WNN based feature classification process (WiSARD classifier)
Aleksander pioneered the development of a groundbreaking digital neuron employing random access memory (RAM) components operating on Boolean logic, giving rise to a novel class of neural networks known as WNNs. In these networks, information was assimilated through the transmission of truth tables kept in the RAM. In the WNNs system, individual nodes were dedicated to identifying distinct portions of input patterns, given distinct addresses in the RAM. This established a mapping standard that could be supplied to the network in a binary configuration. In Figure 7(a), a vivid visual depiction is provided, illustrating the fundamental distinction between weighted and WNNs. RAM devices are the foundation of WNNs, storing essential image attributes through binary initialization, thus representing them as addresses. Conversely, weighted neural networks allocate weights across an entire spectrum of features. The pivotal benefit of utilizing a weightless neural network lies in its modeling and processing of the neural network itself.
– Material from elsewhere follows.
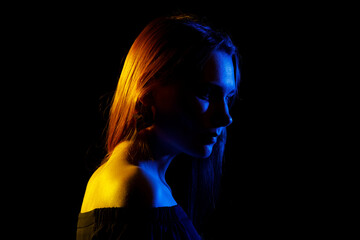 Portrait of a young woman in a colored side light on a dark background.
WNNs employ memory locations and hashing, while their weighted counterparts adjust signal strength between neurons through weighted synapses. In environments with limited memory resources, such as resource-constrained settings, WNNs are the preferred choice over their weighted counterparts. These characteristics position WNNs as an attractive option for specific real-world scenarios, especially those requiring minimal memory overheads for scalability and optimal performance. In our present study, the decision to employ WNNs was motivated by their low computational resource requirements and their potential suitability for real-time applications. In Figure 7(b), a basic depiction of a RAM network and neuron is presented, demonstrating how the network generates output values of either 0 or 1.

WNNs with RAM components offer flexibility in design, with the WiSARD classifier being a particularly favored configuration. It incorporates multiple discriminators, each tailored to a specific class based on user-defined parameters. Figure 8 provides a visual representation of the WiSARD classifier, emphasizing the crucial discriminator module. Equipped with RAM components, this module handles the processing of input patterns. The number of RAM elements present in the discriminator module is established by the patterned model derived from the input patterns. These RAM elements extract sub-patterns from the input pattern, presenting them as pairs. In the testing phase, the RAM component identifies the memory location associated with each pair, generating the stored output value, which can be either 0 or 1. The class pattern is discerned based on the highest cumulative output yielded by the discriminator module.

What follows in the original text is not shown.